Mr. Pettigrew came down himself in the evening.

"Well, Miss Covington, I think that the scent is getting warm. Now is the time that you must be very cautious. I think we may take it that the child is somewhere within ten or twelve miles of Stanford, north or east of it. The man was away for over three hours, and he rode fast. It's not likely that the horse was anything out of the way. However, allowing for half an hour's stay somewhere, I think we may take twelve miles as the limit. Still, a circle of twelve miles' radius covers a very large area. I have been looking up the map since that man set about inquiring down there. Twelve miles would include the whole of the marshes as far as Leigh. It goes up to Brentwood, Billericay, Downham, and touches Rayleigh; and in that semicircle would be some sixty or seventy villages, large and small."
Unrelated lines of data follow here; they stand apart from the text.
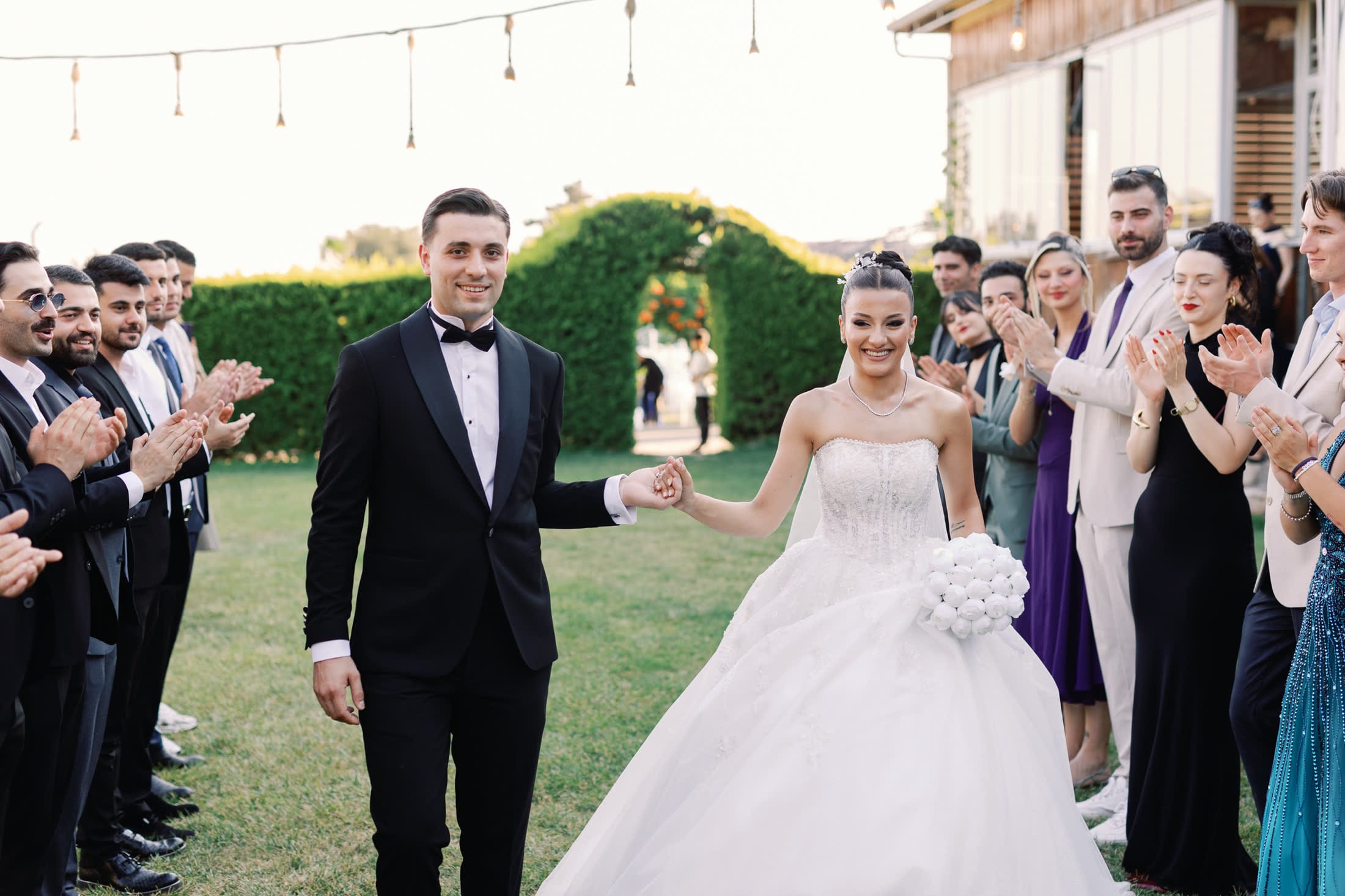 Alkışlayan davetlilerin arasından el ele geçen gelin ve damat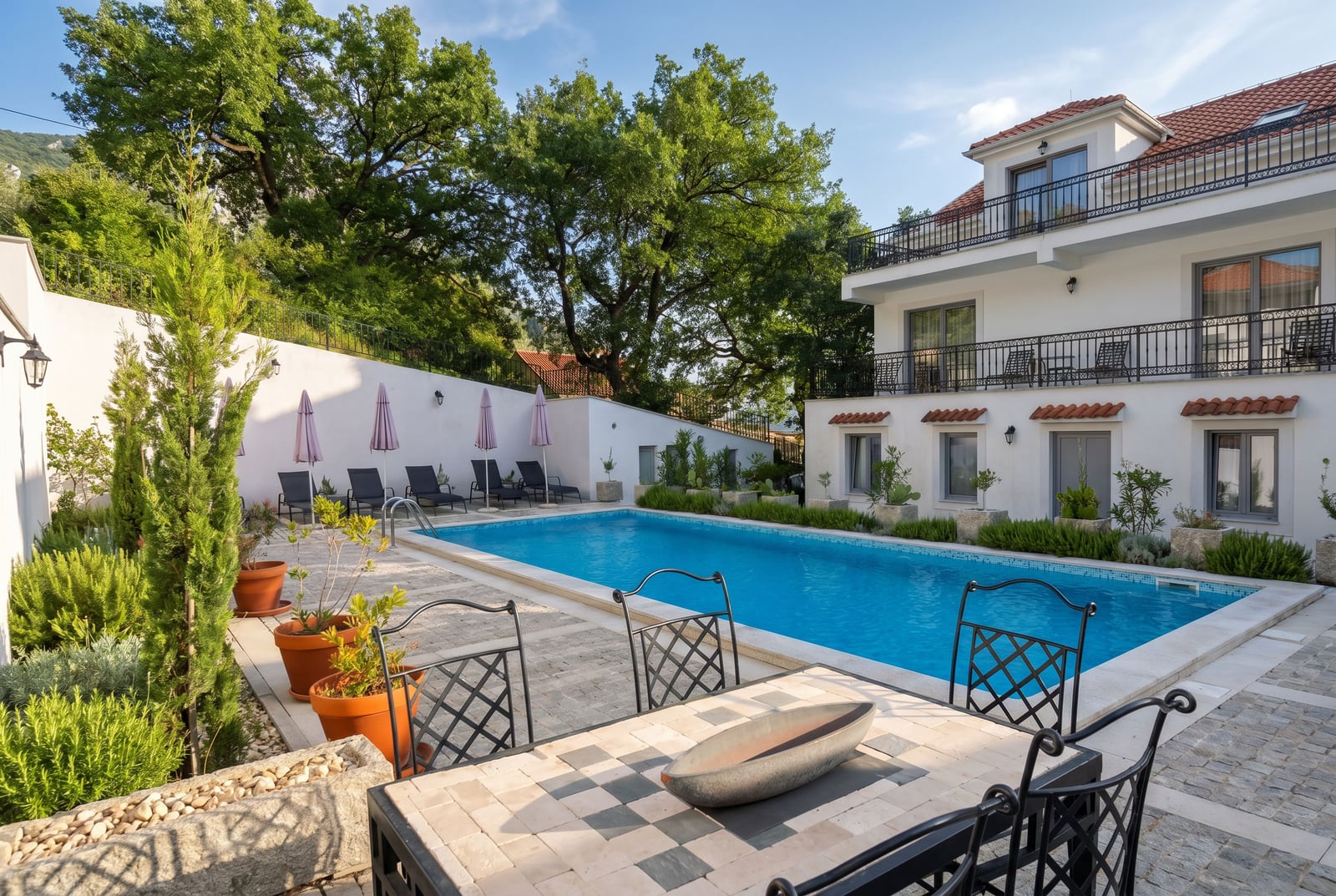 Pool and relaxation area at a villa in Risan, Montenegro: terrace with wrought iron furniture, sun loungers, and landscape design.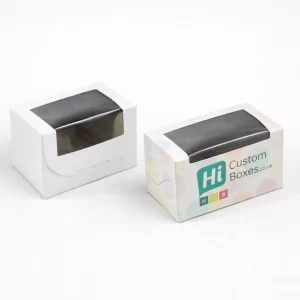 Two small white boxes with large clear windows, one plain and one with branded pastel patterns.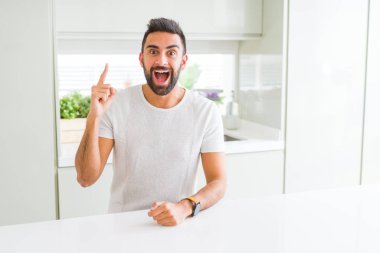 Yakışıklı İspanyol başarılı fikir kadar rahat beyaz t-shirt ev işaret parmağı, dostum. Çıktıktan ve mutlu. Bir numara.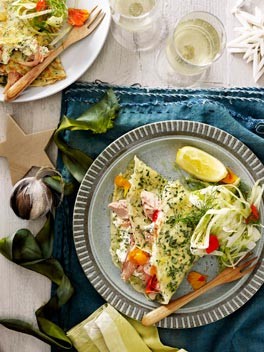Herb crêpes stuffed with ricotta and smoked trout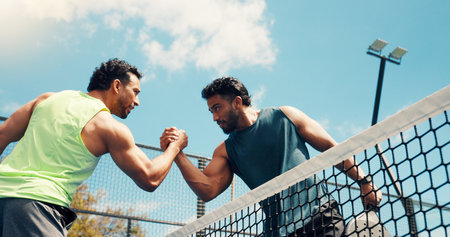 Men, handshake and padel with training, fitness and respect with support, challenge and low angle. People, athlete and shaking hands at tennis court for exercise, game and sports with match at clubの写真素材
"I have been looking at the map too, Mr. Pettigrew, and it does not seem to me at all likely that he would go near the places that you first mentioned; they are quite close to the Great Eastern Railway, by which he would have traveled, instead of going round such an enormous detour by Tilbury and Stanford."

"One would think so, my dear, certainly; but, you see, a man having the least idea that he was watched, which I admit we have no reason for believing that this fellow has, would naturally choose a very circuitous route. However, I think that we need hardly try so far to the north, to begin with; I should say that the area of our search need go no farther north than Downham, and that between a line running west from that place and the river the child is most likely to be hidden."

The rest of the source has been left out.